Treatment of bullous emphysema is sometimes surgical. The general indications include moderate or severe dyspnea, a bulla occupying over 30% of the hemithorax and complications such as pneumothorax, infection, and hemoptysis. Where medical management is inadequate, surgical interventions such as lung volume reduction surgery (LVRS) and lung transplantation are needed.
A further option for these patients is lung volume reduction surgery(LVRS). This procedure involves a wedge excision of emphysematous tissue and is thought to provide benefit by reducing the size of hyperinflated lungs and therefore improving expiratory airflow in the nondiseased lungs. Studies have shown that elastic recoil of the lungs may improve after LVRS, which in turn improves the expiratory airflow in the lungs. There are extensive criteria for LVRS including notable airflow obstruction on spirometry, evidence of air trapping on lung volume measurements, and CT findings of heterogeneously distributed emphysema.

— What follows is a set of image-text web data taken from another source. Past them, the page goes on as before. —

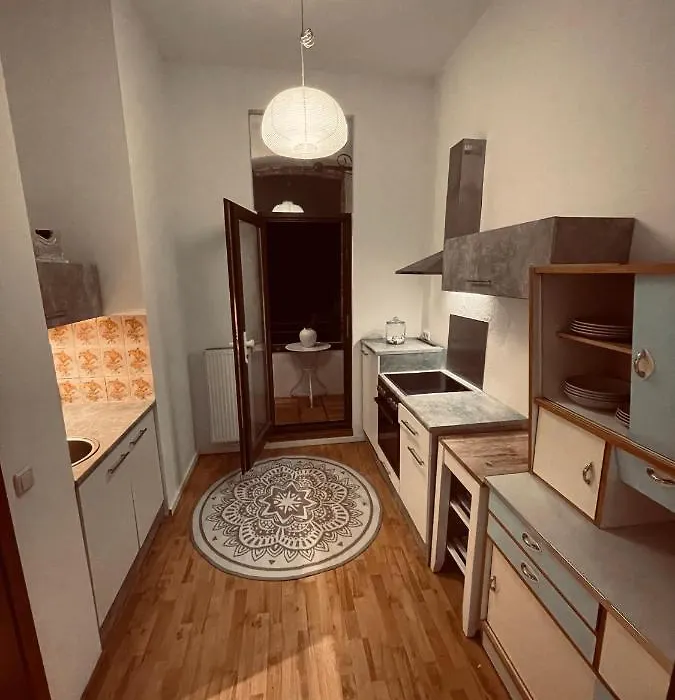Retro Appartement Im Herzen Von Koeln Deutz-1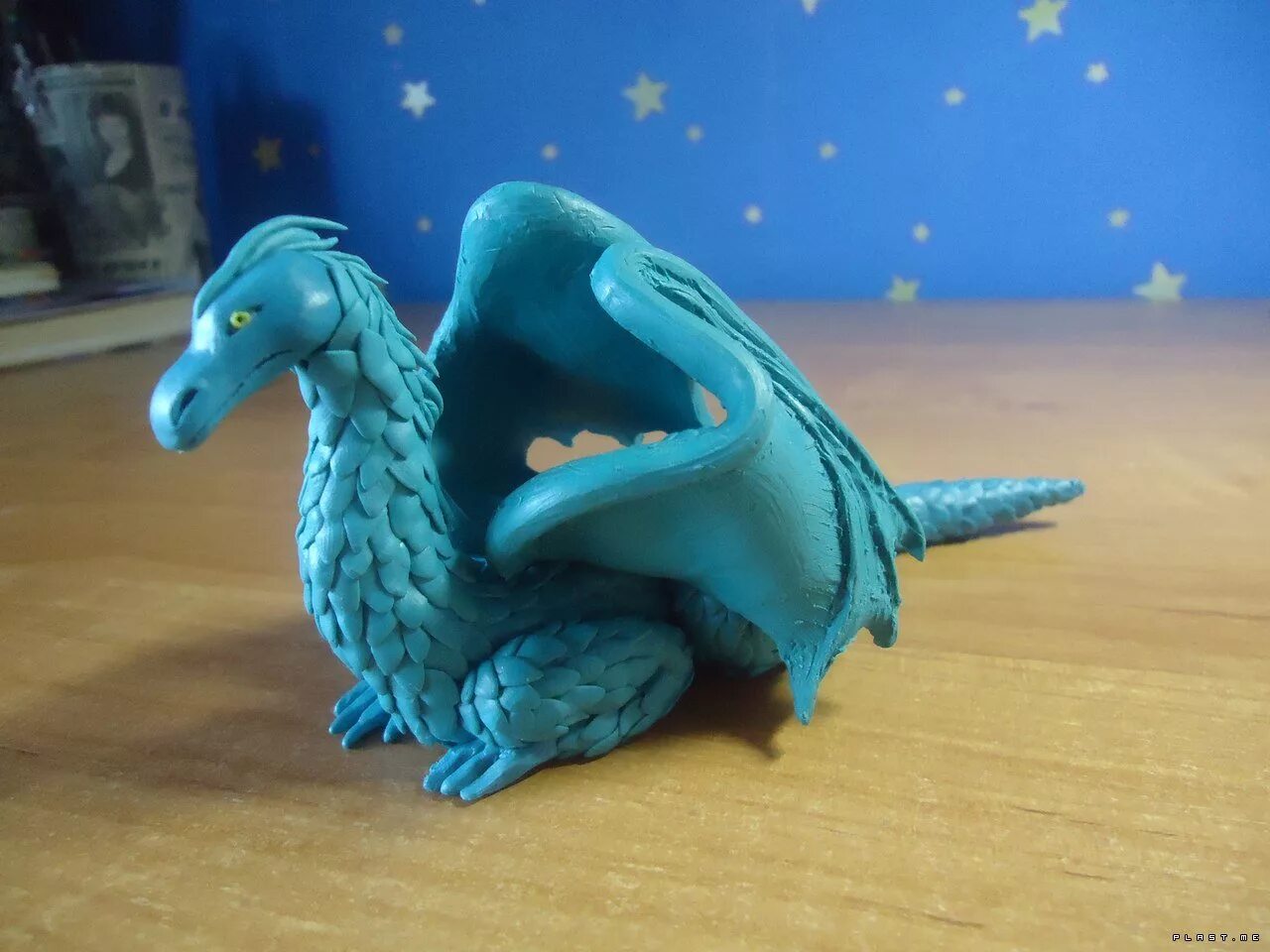 дракон из пластилина для детей. лепка дракона из пластилина. зелёный дракон из пластилина. ольга фонина пластилиновые картины. дракоша тоша пластилин.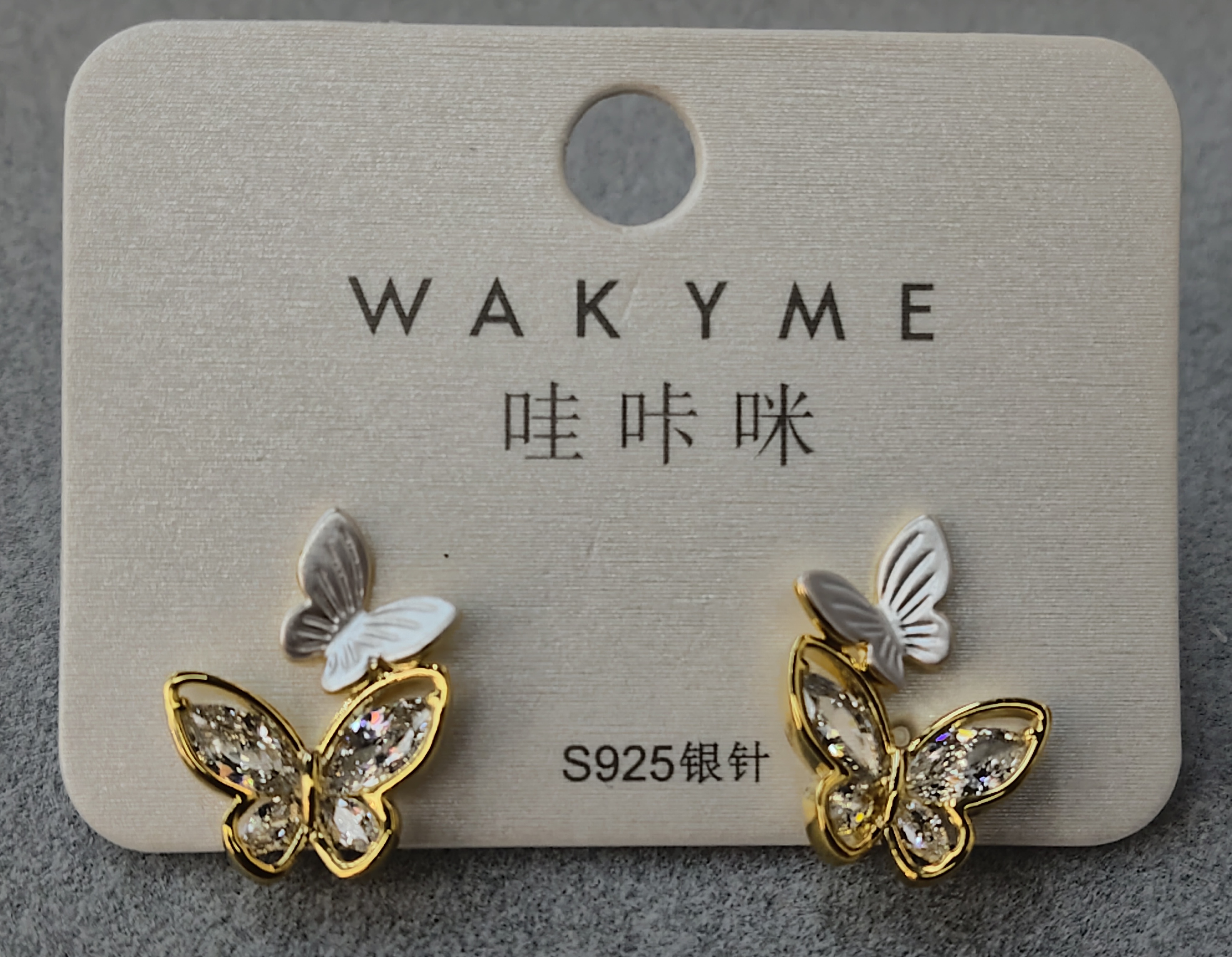 In 2025, Waka Mi's new butterfly-themed zircon earrings are dazzling, three-dimensional, exquisite, versatile, fashionable and trendy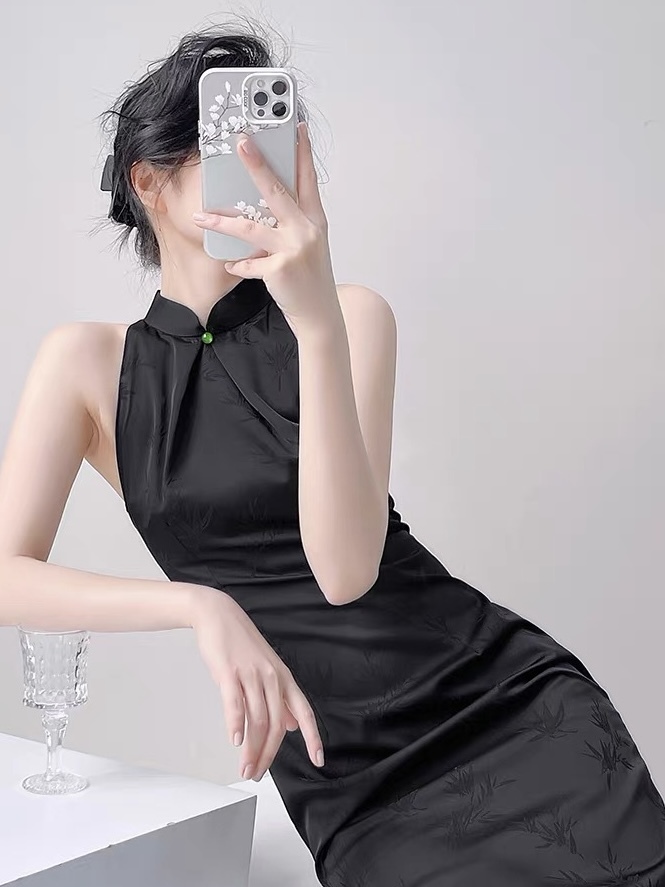 Ci Pei Halter Neck Cheongsam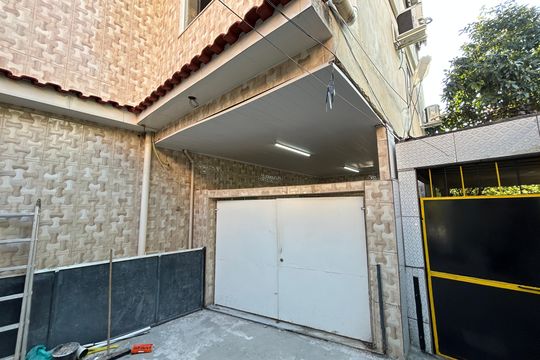 Fachada de casa para alugar com 2 quartos, 77m² em Marechal Hermes, Rio de Janeiro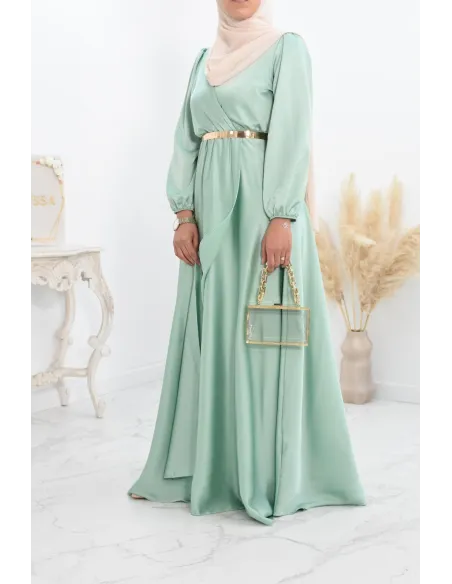 Robe longue satin cache coeur cérémonie femme musulmane.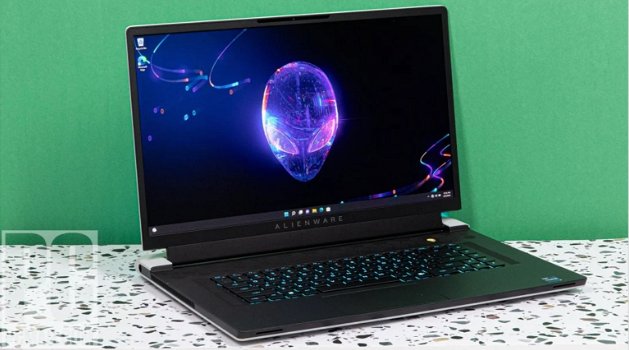 Alienware X17 R2 VR Ready Gaming Laptop - 17.3-inch - 1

Differential diagnoses of bullous emphysema which can be mistaken for the disease include asthma which may be ruled out through pulmonary function tests, bronchiectasis which may be visible on imaging, and congestive heart failure.
Complications of bullous emphysema include pneumothorax, which can be spontaneous, traumatic, or tension in physiology. These are secondary to bullous bleb destruction which releases air into the chest cavity.
The best way to prevent bullous emphysema is by smoking avoidance. Smoking is the most significant cause of this disease process, and smoking history is present in most patients with emphysema. Patient education should be centered on cessation of smoking if they have a diagnosis of emphysema, but also to counsel all patients on smoking avoidance.
Many COPD patients will also have pulmonary cachexia, the definition of which is BMI <20 or weight <90 percent of ideal body weight. The cachexia is secondary to increased work of breathing. Patients exhibiting these findings will require nutritional support.
An interdisciplinary team ideally performs the management of patients with emphysema and COPD. Treatment of these patients involves not only their primary care provider but nurses and respiratory therapists. When patients initiate therapy with inhalers, respiratory therapists prove integral in educating patients on proper use of their inhalers and the use of spacers in conjunction. Inevitably, if the patient's disease continues to progress, there will be a need to be evaluated by a pulmonologist. Telehealth has also been discussed as a potential avenue for patients, although the cost-effectiveness of this resource still requires further evaluation.